しかし状況が一変したのは、わずか3分後の午後3時16分。自宅から窓の外の海の方を見ると…。
「海の磯がみえるくらいまで一気に潮が引きました。岩場だらけの真っ黒い海に一気に変わっていったんです」。
ふとテレビに目をやると、岩手県や宮城県に津波が襲来した様子を伝えていた。防潮堤から水が溢れ、次々と車が押し流されていた。小野さんは恐怖を感じ、再び、窓から見える海に目をやった瞬間だった。
「津波が迫ってくる(白波の)線が見えた!砂浜をずんずん迫ってくるまっすぐな線です!」。
小野さんは、この状況をちゃんと記録して残そうと持っていたデジタルカメラのレンズを向けた。2階まで波が上がってこない事を祈りながら、迫り来る津波にレンズを向け続けた。
【「逃げろ」と呼びかけても立ちすくむ住民たち】
大谷さんも海に様子を見に行き、引き波を目の当たりにした。
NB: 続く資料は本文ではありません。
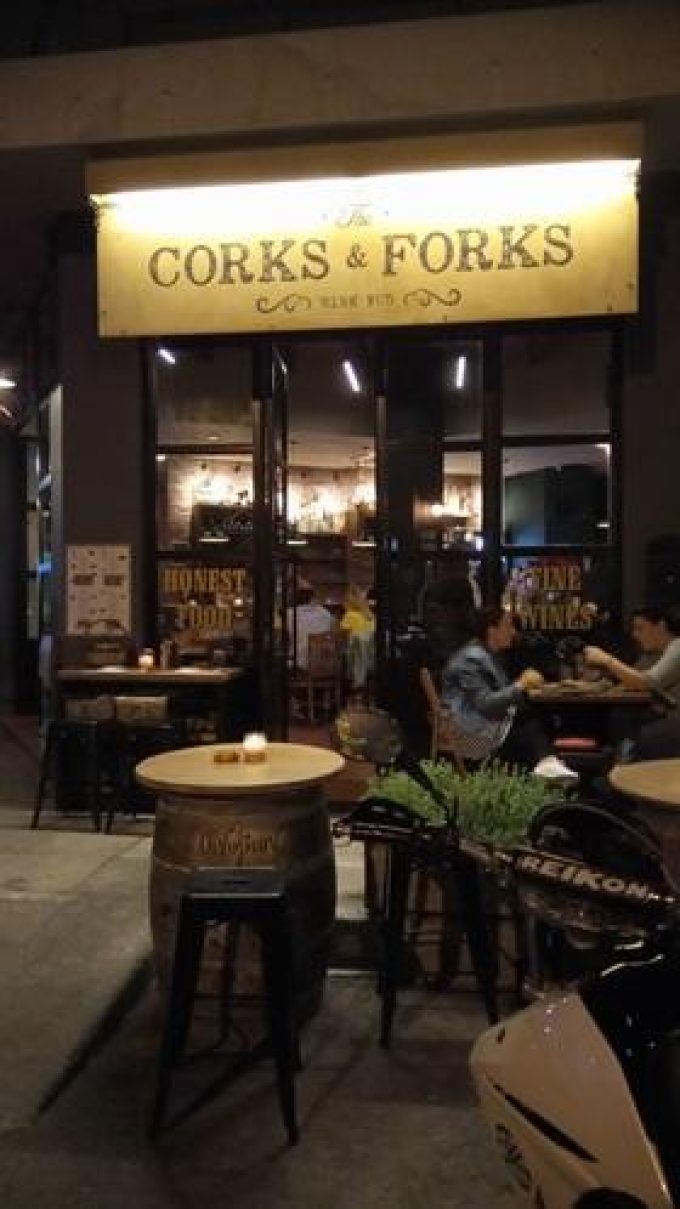 Restaurant Wine Pub | Freatida Piraeus Attica | Corks & Forks Wine Bar - greekcatalog.net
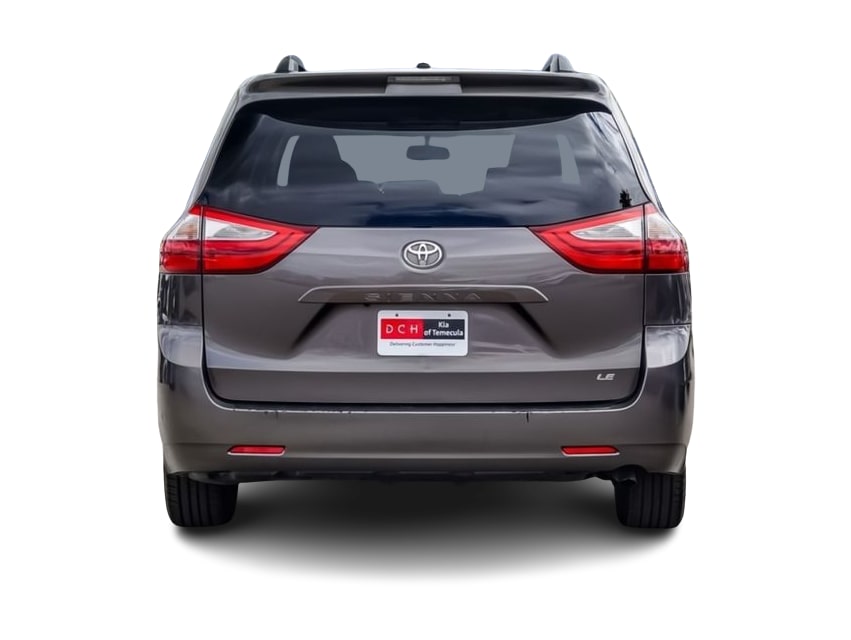 Thumbnail: 2015 Toyota Sienna - 4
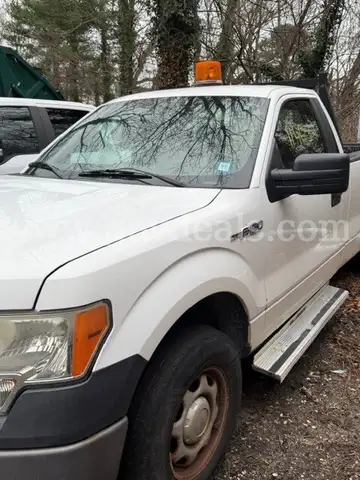 2011 Ford F-150 STX 6.5-ft. Bed 4WD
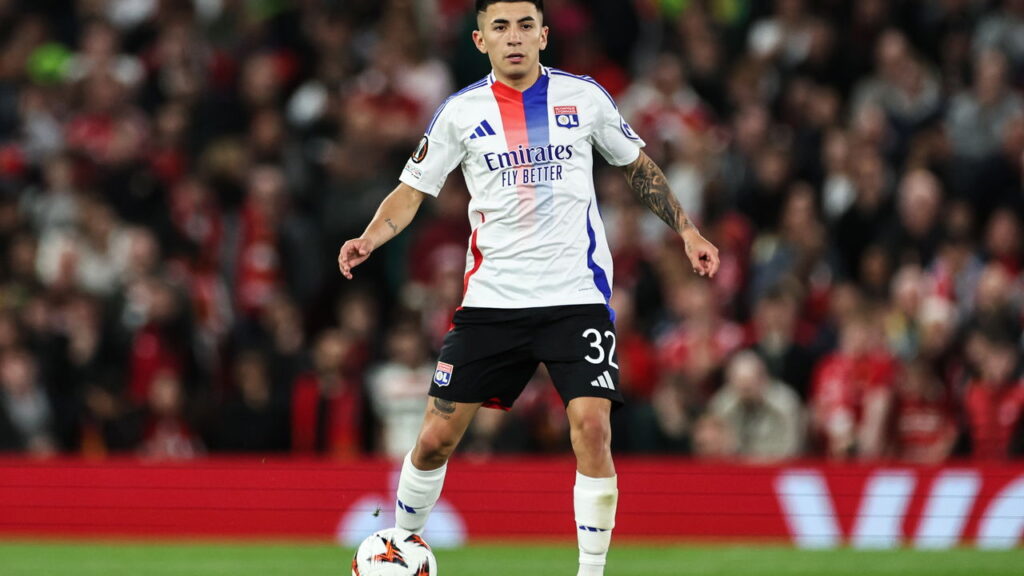 Botafogo fatura alto e leva 100% da venda de Almada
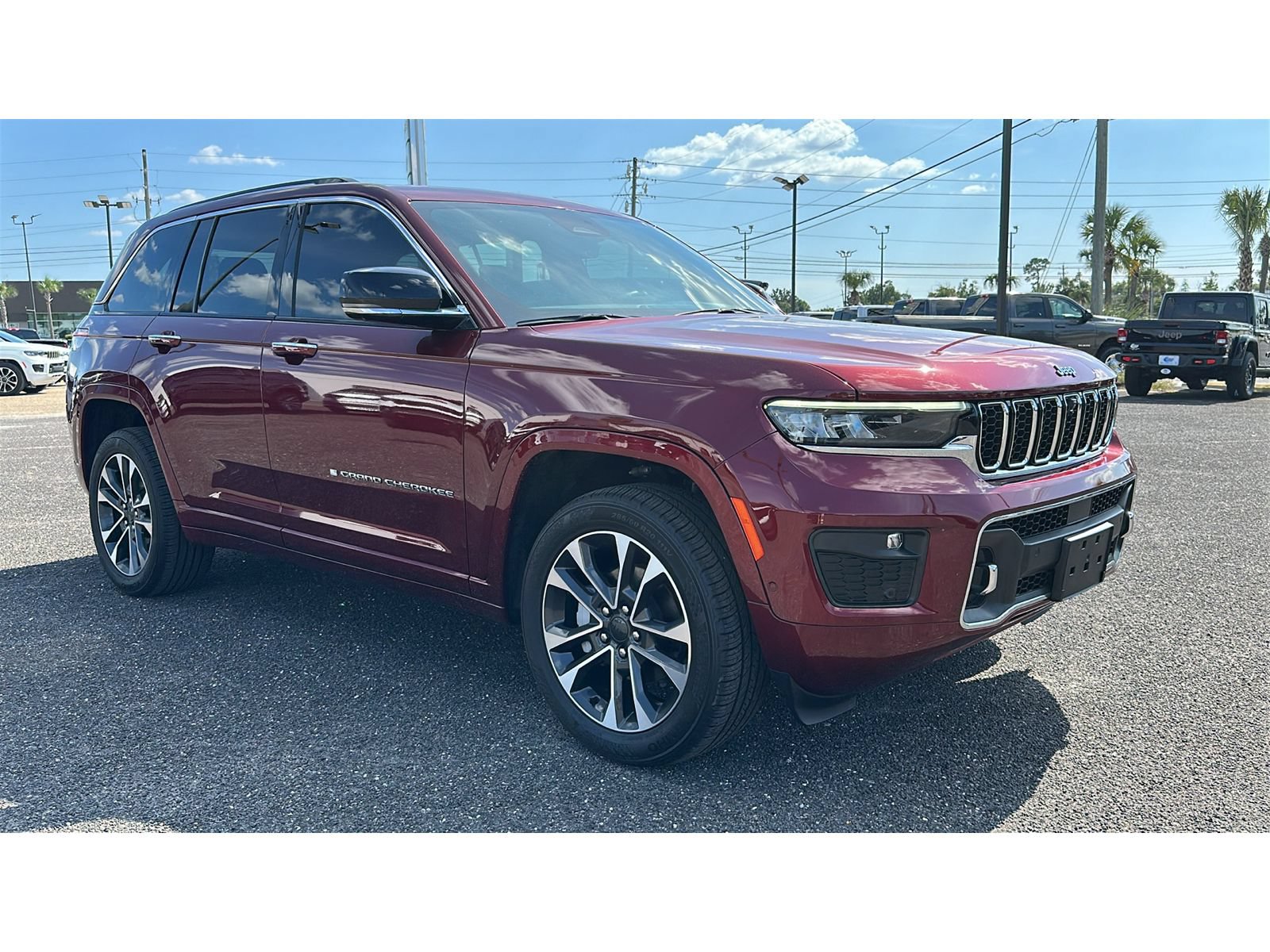 Used 2023 Jeep Grand Cherokee Overland w/ Adv Protech Group III RWD image 8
驚いてすぐに走って引き返した。
「逃げる途中で何十人もの人に会っている、逃げろー!って必死に声をかけた」
しかし声をかけた住民の多くは、逃げずに立ちすくんでいたという。
「どこに逃げればいいのってみんな言う。みんな一瞬で頭が真っ白になって、どうしたらいいか分からなくなっていた」。
大谷さんは、高台にある神社「天狗様」へ逃げろと必死に声をかけながら自分も逃げた。
自宅には妻と知り合いの高齢の女性2人がいた。逃げるよう促したが、女性1人は足が不自由で自力で逃げる事ができなかった。一刻を争う事態、大谷さんはそのおばあさんを背負い、逃げた。
【水の上に浮かんでいた白髪】
2分後の午後3時25分。小野さんの自宅の傍の防潮堤に津波が激突する。次の瞬間、1階ほどの高さだった波は一気に2階の窓から入り込もうとするほどの高さにせり上がった。小野さんは必死に窓を閉めようとするが、暴風が吹き込み、悲鳴のような甲高い音を響かせる。
「バッシャーーーーーーーーーーン!」
2階の窓が割れ、次々と水が入ってくる。小野さんとキクイさんは一瞬にして、津波にのまれてしまった。1階からせりあがってくる水と2階から入ってきた水によって、押し流された。
「頭の中では走馬灯のように同級生との思い出などがすーっと流れていたのを覚えています」。
豊間地区を襲った津波は最大8mだった。小野さんは部屋の隅に押し流され、腰のあたりまで水に浸っていたという。「命は助かった」とほっとするのもつかの間、目の前に不可解なものが浮かんでいた。
「一瞬分からなくて、ふわふわと浮かんでいるものがあって、よく見ると白髪が浮いていた」。
祖母キクイさんの後頭部だった。自力で顔を上げられずにいたキクイさんの体を起こすと、辛うじて息をしていて無事だった。助けを求めるため、割れた窓から外を見ると、見慣れた建物はすべて残っていなかった。
【「手、離せー!」その場に残し、逃げた】
薄磯地区。おばあさんを背負った大谷さんは家を出て、高台の神社に向かって走り始めた。神社につながる石段はすぐ目の前、自宅から5,6メートルほど。しかし、バランスを崩してしまった。もう一度背負い直そうと腰を落とした瞬間だった。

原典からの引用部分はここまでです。